====== DATA IN THIS EXERCISE ======

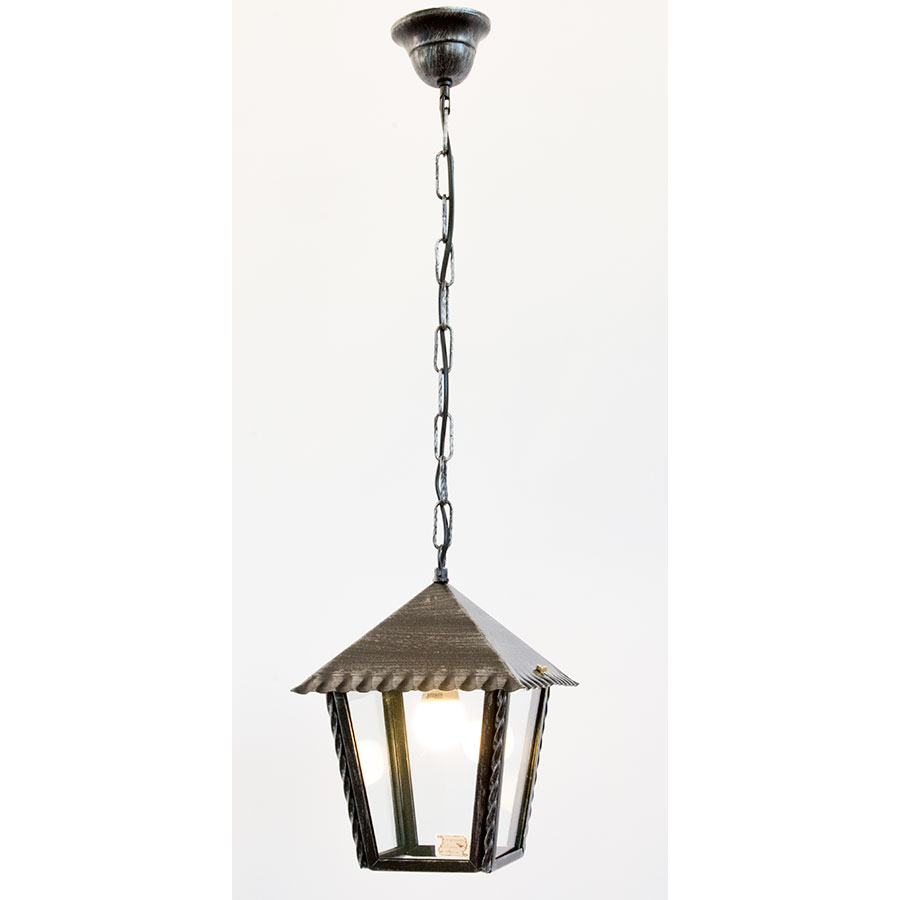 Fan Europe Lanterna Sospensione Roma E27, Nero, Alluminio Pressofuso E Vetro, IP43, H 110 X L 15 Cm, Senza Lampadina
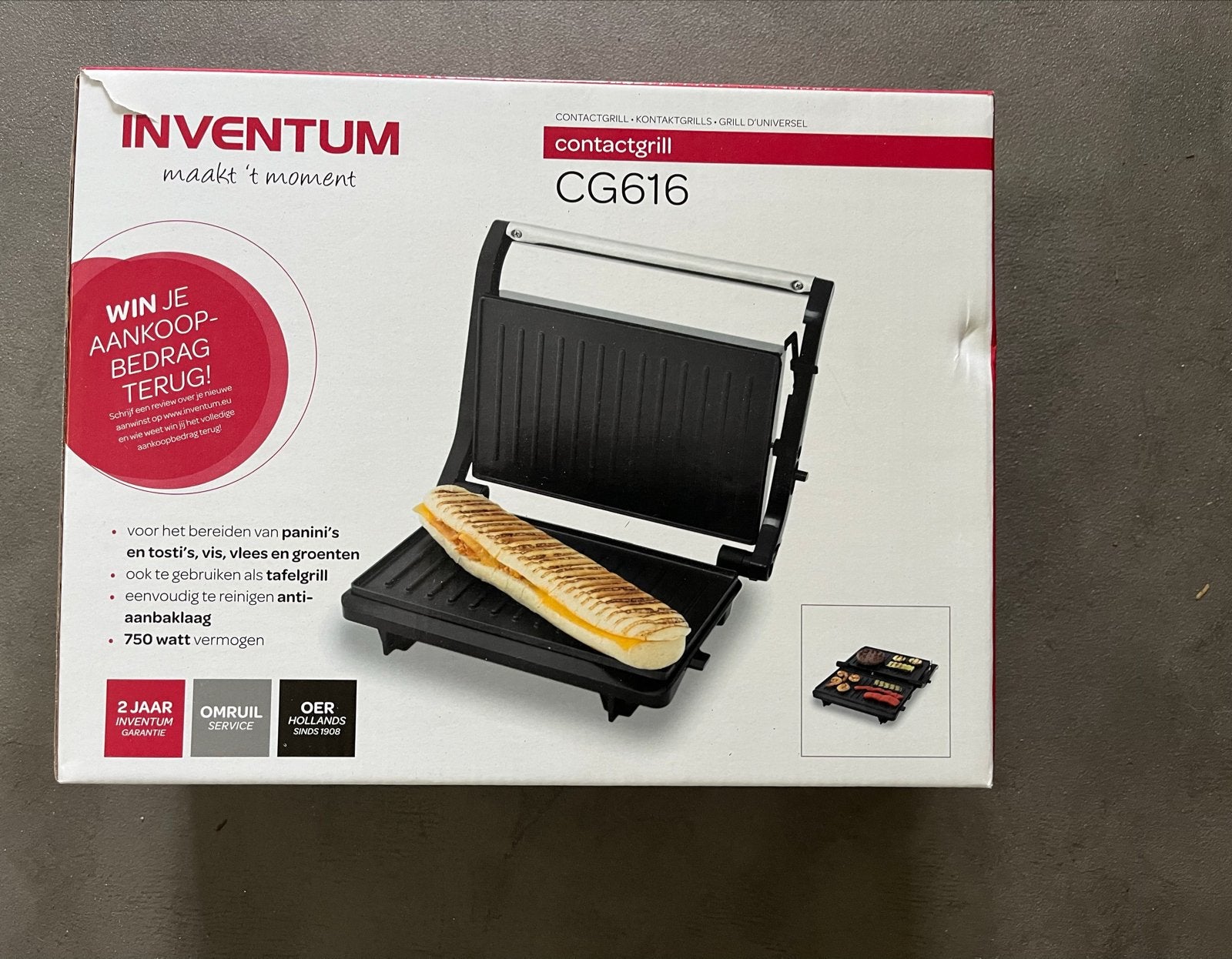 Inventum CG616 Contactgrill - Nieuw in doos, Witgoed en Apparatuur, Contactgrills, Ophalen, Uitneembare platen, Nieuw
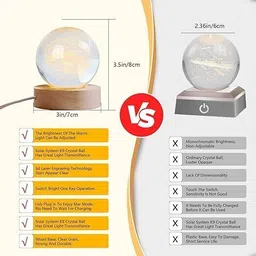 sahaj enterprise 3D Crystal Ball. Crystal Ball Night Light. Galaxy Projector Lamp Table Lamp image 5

======
====== DATA IN THIS EXERCISE ======

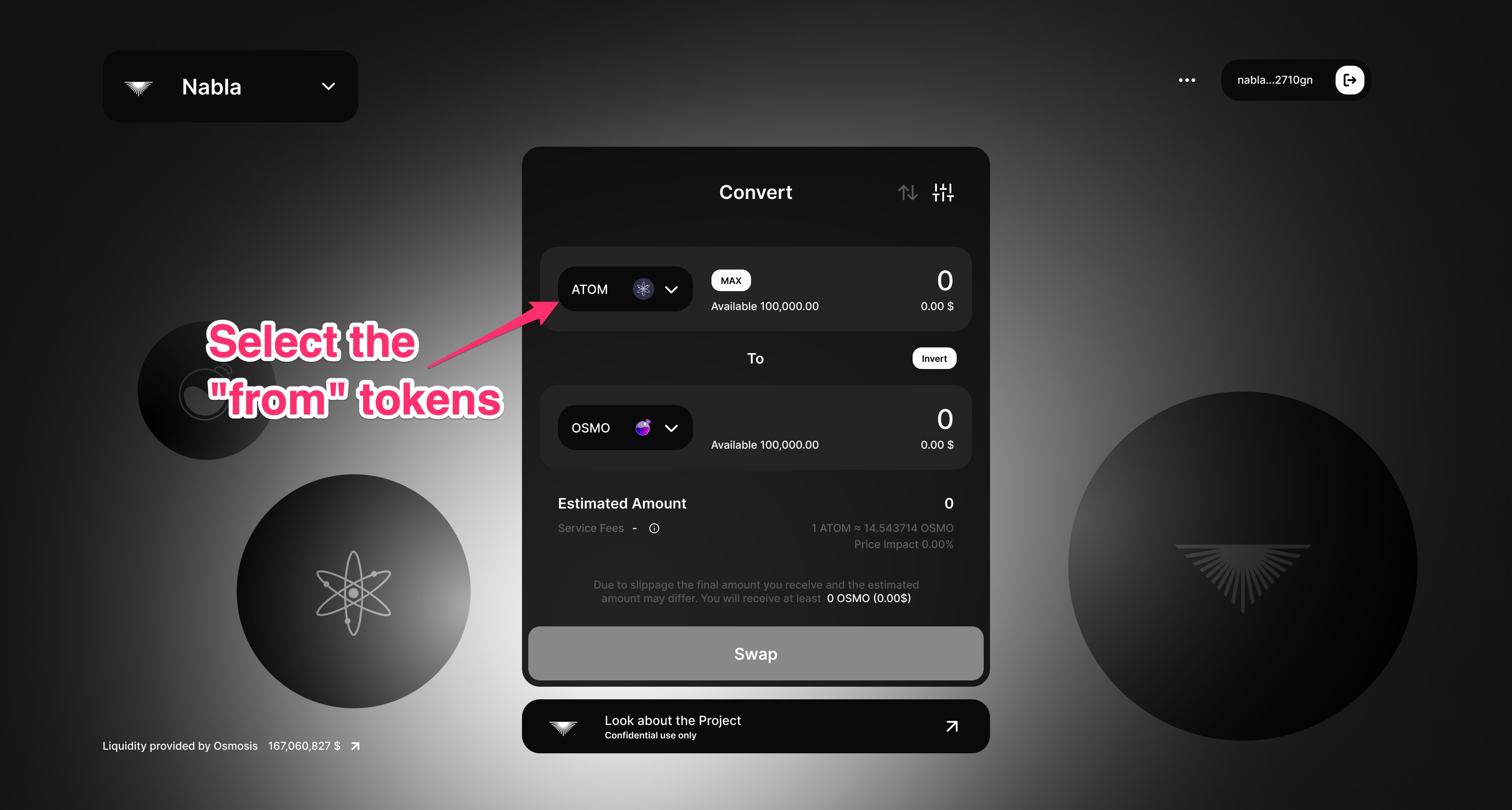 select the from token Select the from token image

======
====== DATA IN THIS EXERCISE ======

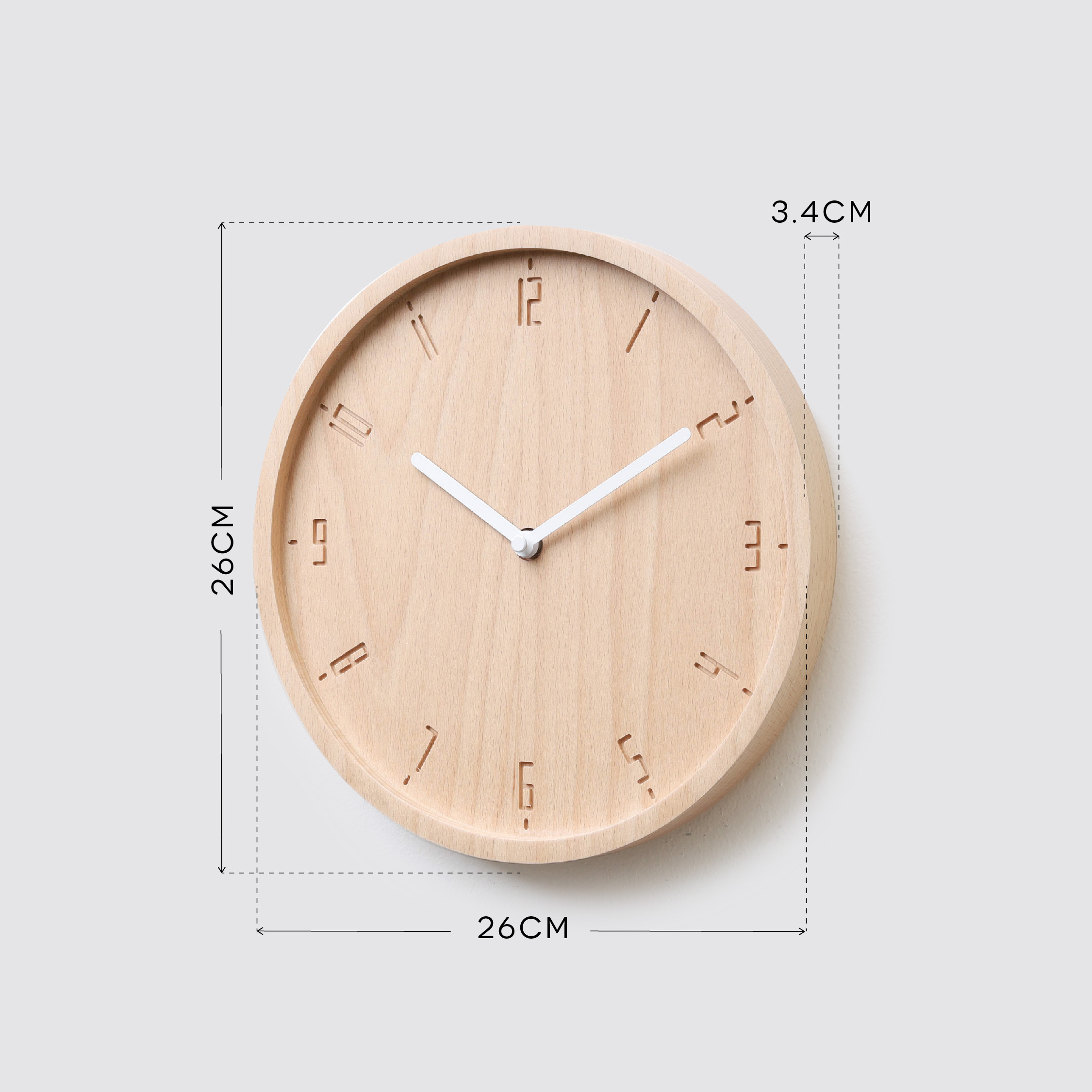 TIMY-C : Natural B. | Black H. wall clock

======

WHAT THIS TASK INVOLVES:
What is needed is an exact copy of the lines above, from the one holding "Fan Europe Lanterna" down to the one holding "sahaj enterprise 3D", with those two included and the pictures left out.

ANSWER FOR THIS EXERCISE:
 Fan Europe Lanterna Sospensione Roma E27, Nero, Alluminio Pressofuso E Vetro, IP43, H 110 X L 15 Cm, Senza Lampadina
 Inventum CG616 Contactgrill - Nieuw in doos, Witgoed en Apparatuur, Contactgrills, Ophalen, Uitneembare platen, Nieuw
 sahaj enterprise 3D Crystal Ball. Crystal Ball Night Light. Galaxy Projector Lamp Table Lamp image 5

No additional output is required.